When generating a flare specification it is important to detail the available utilities. All flares should be continuously purged to prevent oxygen ingress into the flare riser and fitted with continuous pilot burners to provide a reliable source of ignition. As such the purge and pilot gas supply should be from a reliable source.
The composition of the available purge gas, the flare riser size and flared gas composition will determine the purge rate and this will be determined by the flare vendor.
The pilot gas consumption will also be determined by the flare vendor and is also directly related to the flare size.
Where smokeless combustion is required and cannot be achieved through the available energy/momentum of the flared gas stream, it will be necessary to use an assist medium such as air or steam. Steam is the most common medium and generally readily available on a refinery. It is typically injected through numerous specially designed nozzles connected to a steam manifold attached to the flare tip. Air assist flares utilise a large volume of low pressure air generated by an air blower which is mixed with the gas at the tip.

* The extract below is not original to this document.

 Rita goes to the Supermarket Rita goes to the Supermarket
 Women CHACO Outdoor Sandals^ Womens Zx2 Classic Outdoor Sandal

The location and elevation of the flare is a key design consideration determined largely by the allowable radiation. On onshore facilities the decision is frequently governed by its proximity to other process equipment, plant boundaries, prevailing wind direction and the cost of the associated support structure. Offshore the options are limited to platform mounted flare tower, bridge linked tower or flare boom. Recommended radiation design limits are provided in API 521.
Site conditions such as wind direction, solar radiation, humidity etc. all have an affect on the exhibited radiation and therefore should also be communicated to the flare vendor during the design phase. Radiation shielding on offshore platforms is common place in order to further protect adjacent process plant and walkways. Water sprays have also been used.